• **Source material**:
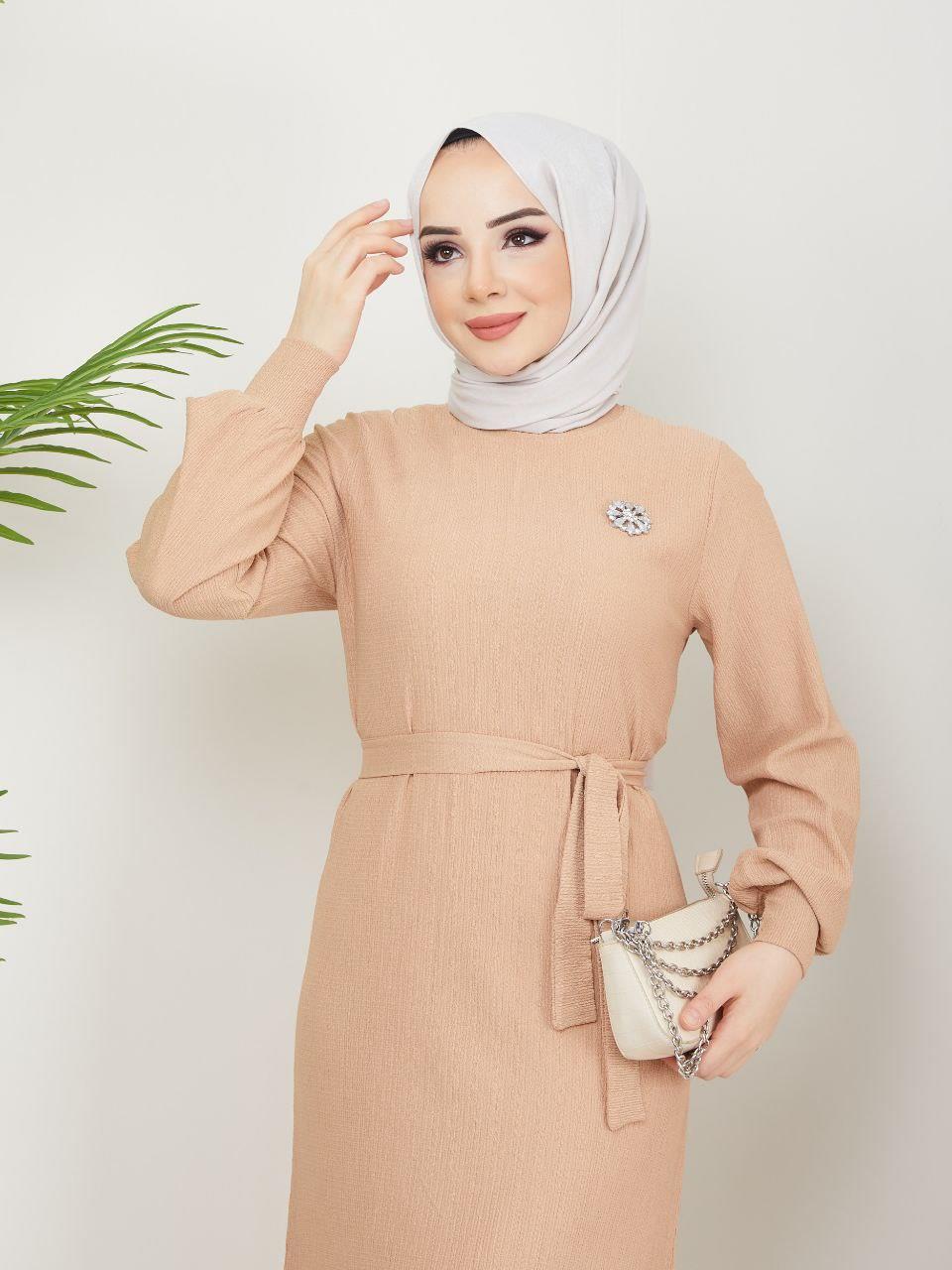 Broş Taşlı Tesettür Elbise 6038 Bej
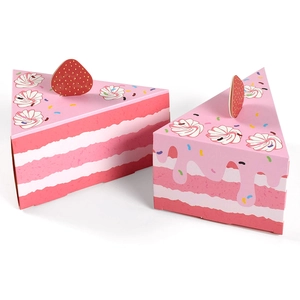 Rosa und weiße Geschenkschachteln in Form von Tortenstücken mit Erdbeermotiv aus Papier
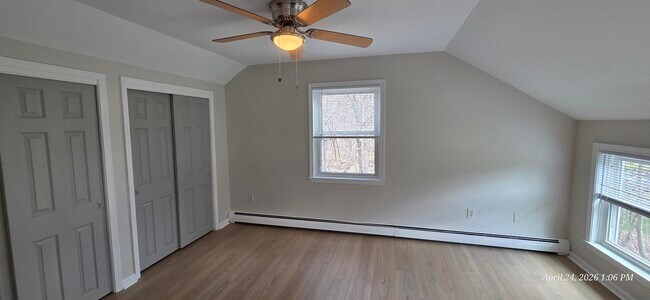 Building Photo - 15 Bonnie Ln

• **Task directions**: For each line above, output its wording exactly and leave out any picture.

• **Answer below**:
 Broş Taşlı Tesettür Elbise 6038 Bej
 Rosa und weiße Geschenkschachteln in Form von Tortenstücken mit Erdbeermotiv aus Papier
 Building Photo - 15 Bonnie Ln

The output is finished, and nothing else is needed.